**About this task**:
Ignoring every picture, return the lines of the listing below word for word, from the line that holds "Олесь Гончар Твори" through the line that holds "تصویر از کتاب پرتقال مجموعه با من بخوان".

**Provided information**:

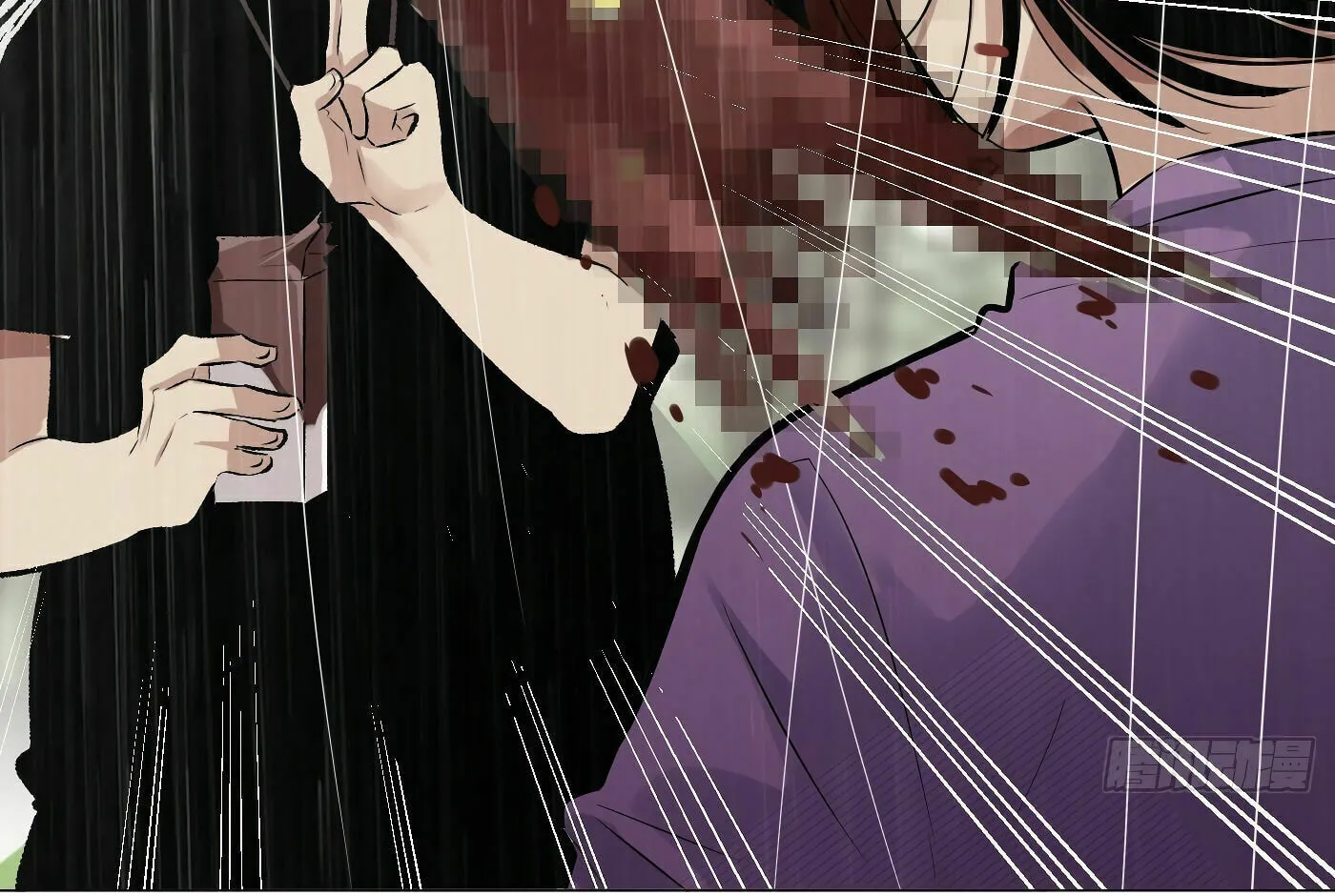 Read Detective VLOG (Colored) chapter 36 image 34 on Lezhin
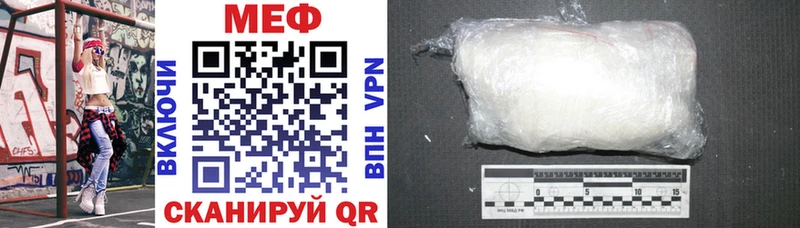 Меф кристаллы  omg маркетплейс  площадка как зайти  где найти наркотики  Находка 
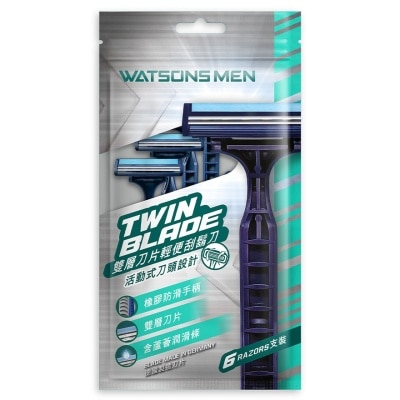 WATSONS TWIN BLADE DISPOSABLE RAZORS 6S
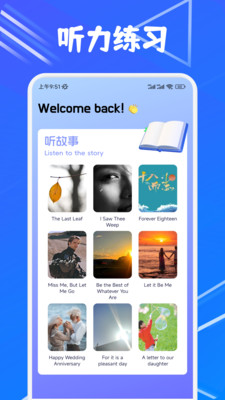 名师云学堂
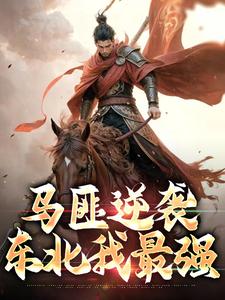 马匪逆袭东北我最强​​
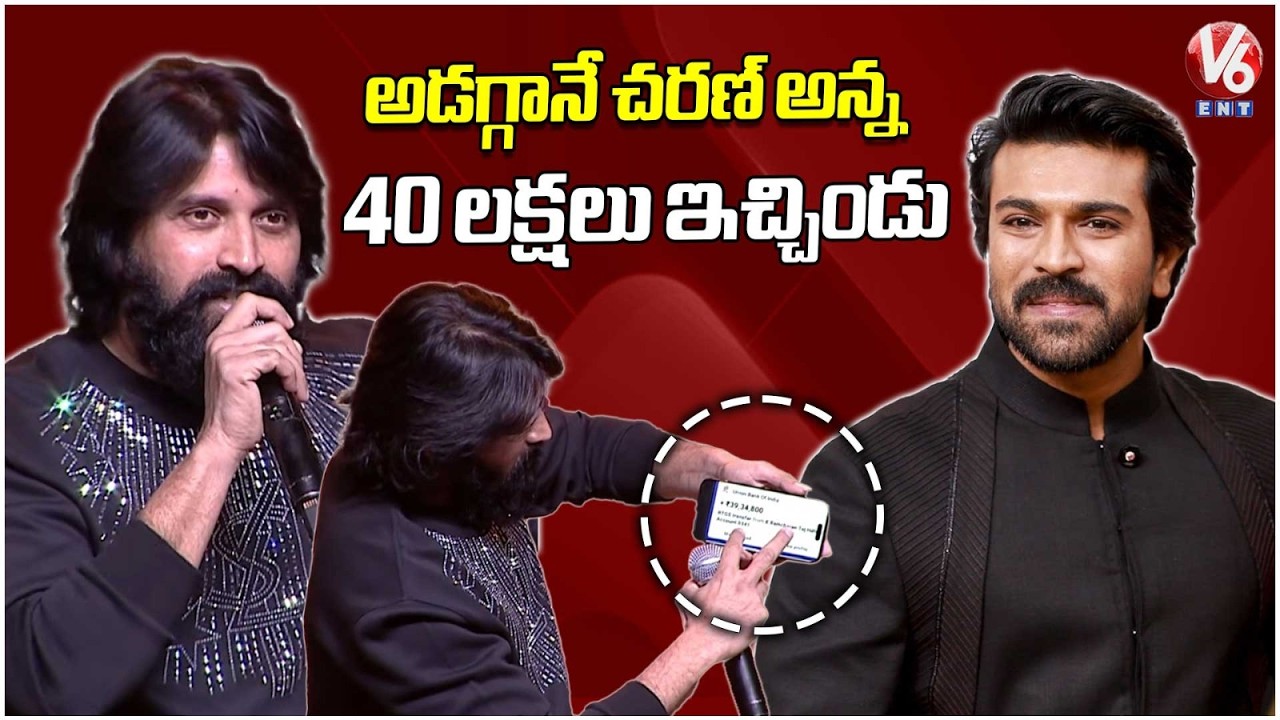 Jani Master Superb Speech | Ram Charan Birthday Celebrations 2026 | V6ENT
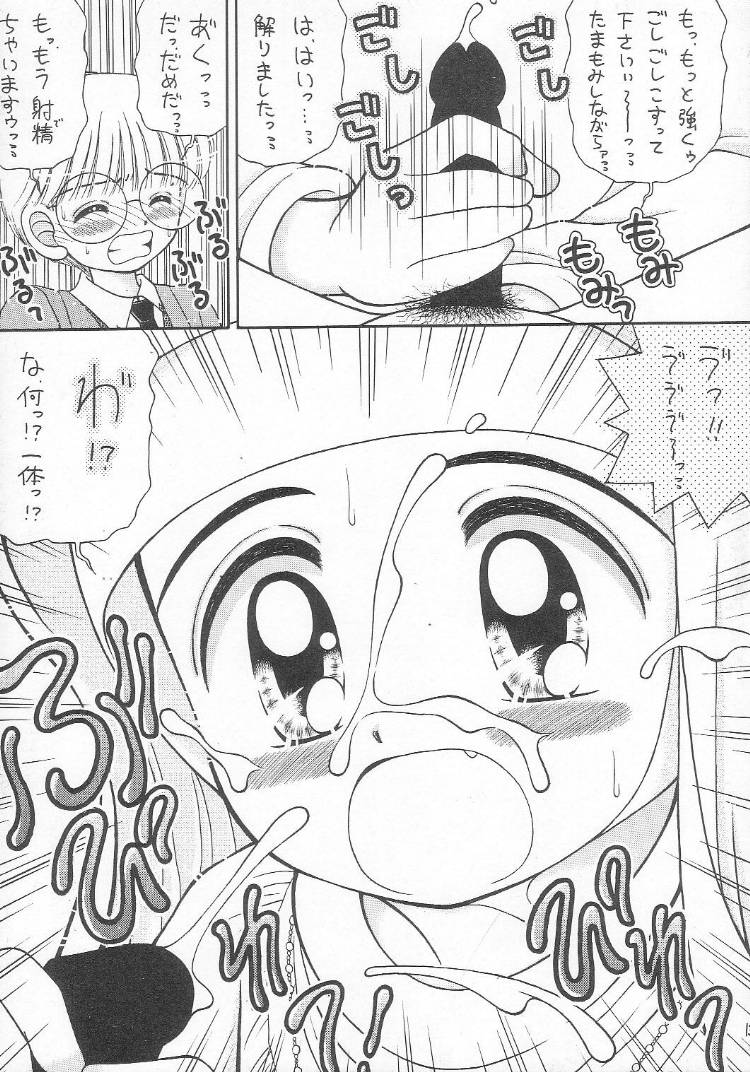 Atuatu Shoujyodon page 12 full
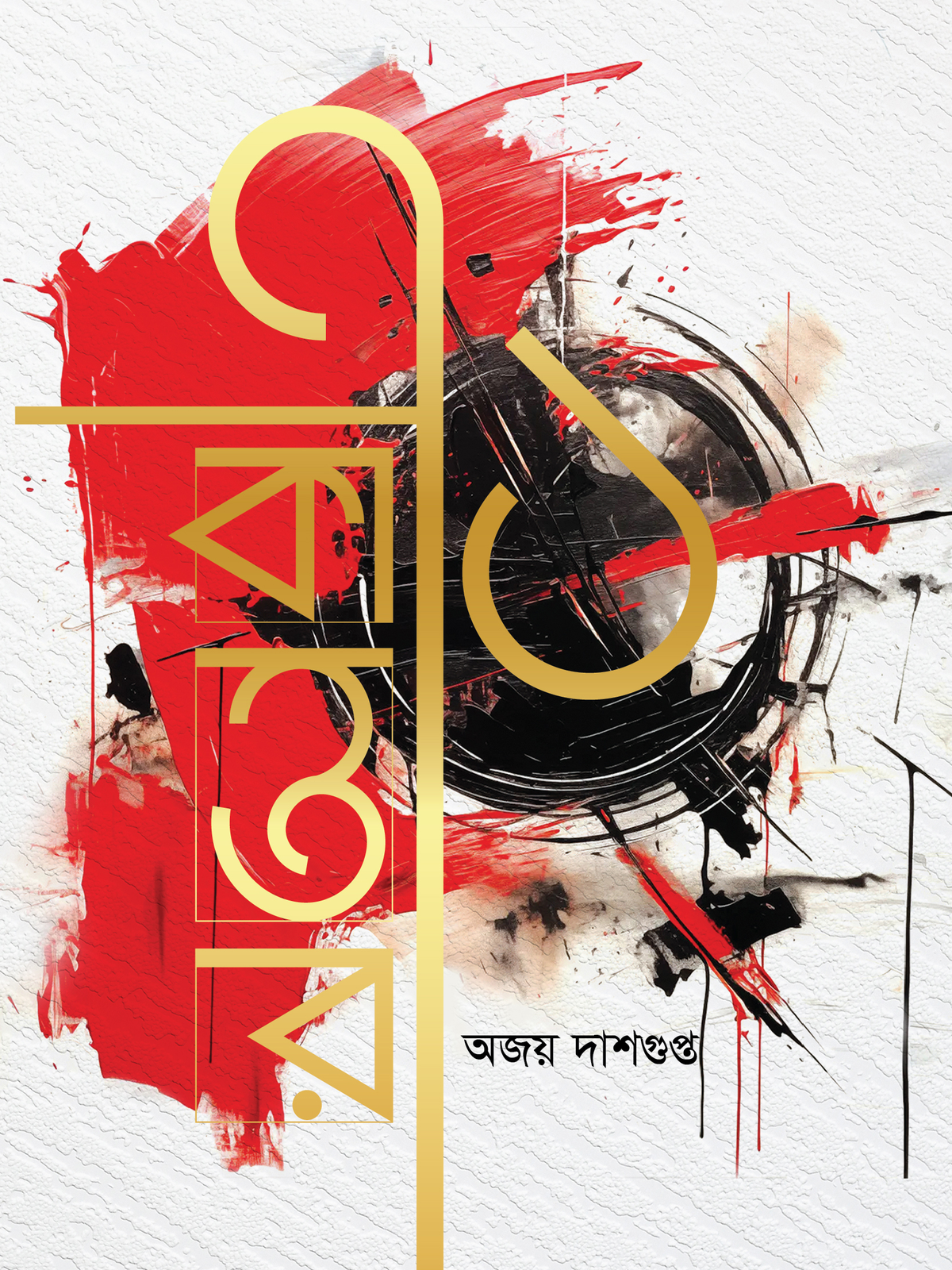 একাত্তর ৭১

==

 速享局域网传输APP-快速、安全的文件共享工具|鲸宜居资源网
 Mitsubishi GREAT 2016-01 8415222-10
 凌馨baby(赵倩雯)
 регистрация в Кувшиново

* * *

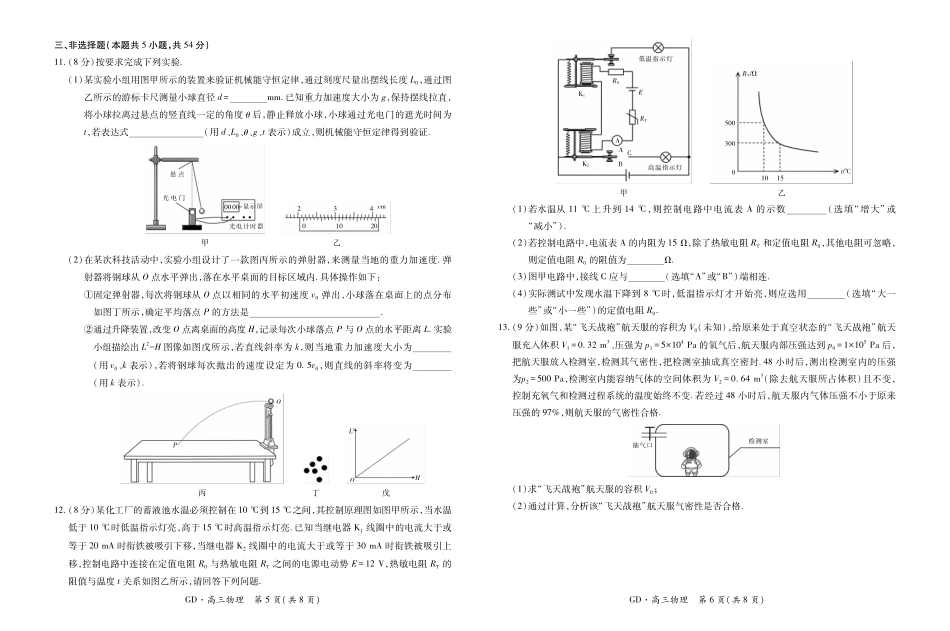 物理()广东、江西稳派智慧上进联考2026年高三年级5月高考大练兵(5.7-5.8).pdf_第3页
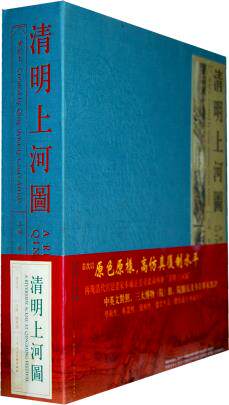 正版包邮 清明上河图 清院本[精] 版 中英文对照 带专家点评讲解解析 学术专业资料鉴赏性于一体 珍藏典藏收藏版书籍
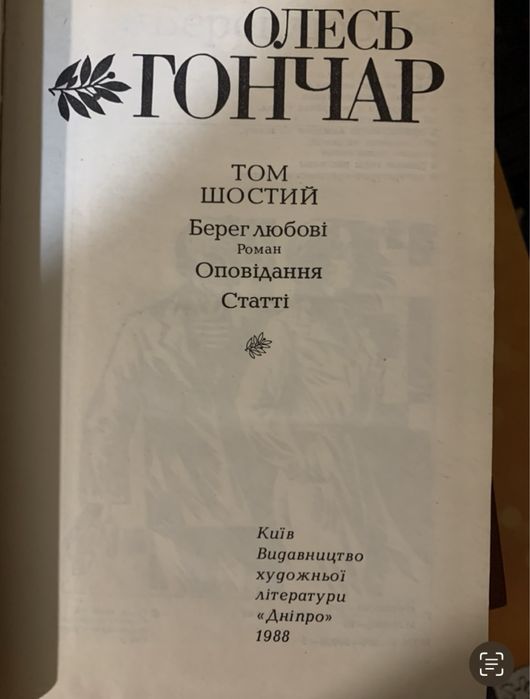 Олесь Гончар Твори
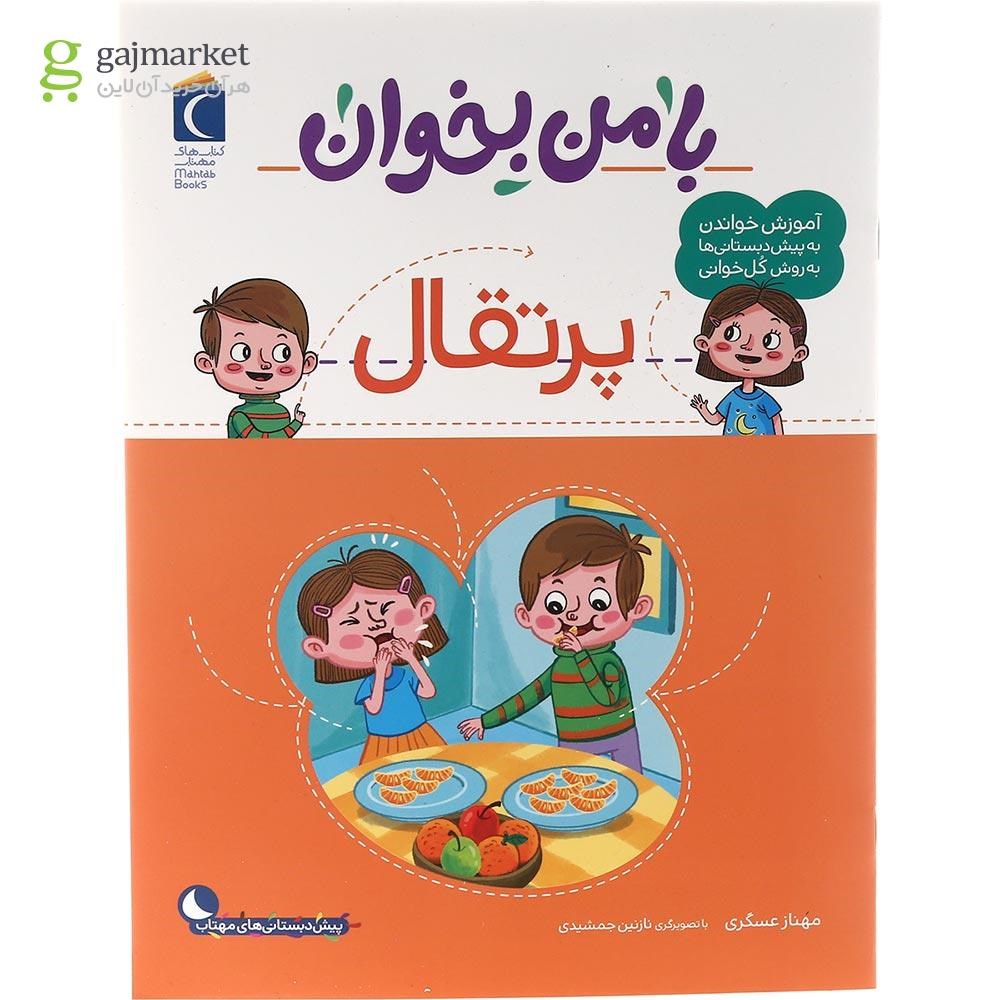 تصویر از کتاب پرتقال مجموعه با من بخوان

**Answer to this exercise**:
 Олесь Гончар Твори
 تصویر از کتاب پرتقال مجموعه با من بخوان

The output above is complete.